Roberto Gándara

Personal information
- Full name: Roberto Gándara González
- Date of birth: 16 April 1990 (age 36)
- Place of birth: Salamanca, Spain
- Height: 1.78 m (5 ft 10 in)
- Position: Midfielder

Team information
- Current team: Santa Marta
- Number: 10

Youth career
- Salamanca

Senior career*
- Years: Team / Apps / (Gls)
- 2009–2012: Salamanca B / 56 / (12)
- 2012–2015: Arenas de Getxo / 72 / (11)
- 2015–2016: Badajoz / 33 / (5)
- 2016–2018: Talavera / 67 / (18)
- 2018–2019: Podbeskidzie / 19 / (3)
- 2019–2020: Portugalete / 20 / (1)
- 2020–2023: Palencia / 78 / (19)
- 2023–: Santa Marta / 8 / (1)

= Roberto Gándara =

Spanish association football player

Roberto Gándara González (born 16 April 1990) is a Spanish professional footballer who plays for Santa Marta as a midfielder.

==Club career==
Born in Salamanca, Gándara graduated from the youth academy of local UD Salamanca and made his debut for the reserves in 2009–10 season, in Tercera División.

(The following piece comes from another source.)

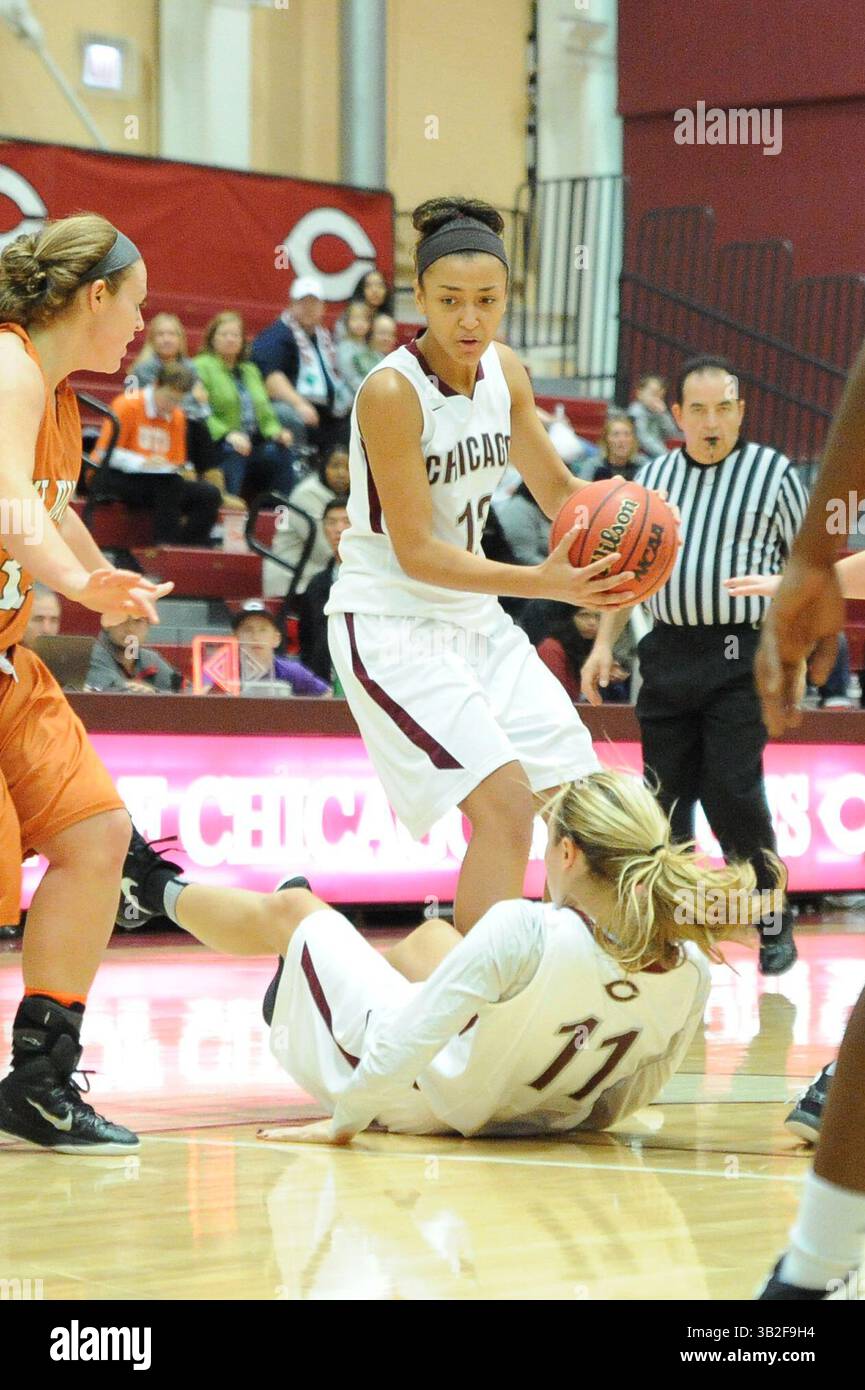24. November 2015: Die Chicagoer Garde Stephanie Anderson (13) und Caitlin Moore (11) während eines NCAA-Basketballspiels für Frauen mit Texas-Dallas und der University of Chicago in Chicago, Illinois. Patrick Gorski/CSM(Bild: © Patrick Gorski/CSM via ZUMA Wire) Stockfoto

After a stint with Arenas Club de Getxo in the same tier (securing promotion to Segunda División B), he signed for CD Badajoz on a one-year contract on 18 July 2015.

On 16 July 2016, Gándara switched to CF Talavera de la Reina. At the end of the 2016–17 season, the club won promotion to Segunda División B. On 30 June 2018, he moved abroad for the first time in his career and joined Polish I liga club Podbeskidzie Bielsko-Biała.